Developing site-specific characterization and remediation strategies for communities and tribal organizations can be controversial, because there are many misconceptions about PFAS. The lack of scientific knowledge about many of these PFAS compounds will be an impediment for educating the public. Therefore, early and effective community engagement emphasizing timely access to test data, transparency, and responsiveness is imperative. Community engagement may be able to address many stakeholder concerns and help to communicate risks. The ITRC Risk Communication Toolkit for Environmental Issues and Concerns includes information about stakeholder engagement and is published as a separate document.

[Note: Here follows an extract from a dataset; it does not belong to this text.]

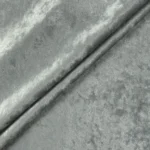 Close up macro texture shot of grey crushed velvet fabric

This section identifies the concerns of stakeholders who have been or may be affected by PFAS contamination. Because it is an emerging contaminant and has been detected in ecological receptors (animals and plants) and blood serum in many humans, there are many individuals who are potentially affected worldwide.
In this section, we summarize many of the concerns that have been expressed by local communities, tribes, and environmental groups. Evaluation of exposure levels and potential human health consequences are of paramount concern to stakeholders. The list of concerns below is not all inclusive, as developments in science and identification of contaminants in the environment are likely to lead to additional concerns. This list was developed from general research on PFAS, direct communication and involvement with environmental and community groups, a consultant for one of the tribes, and extensive review of news reports. It is intended to highlight the concerns that have been expressed by various groups. It is not intended to be a definitive statement of the technical merits of those concerns.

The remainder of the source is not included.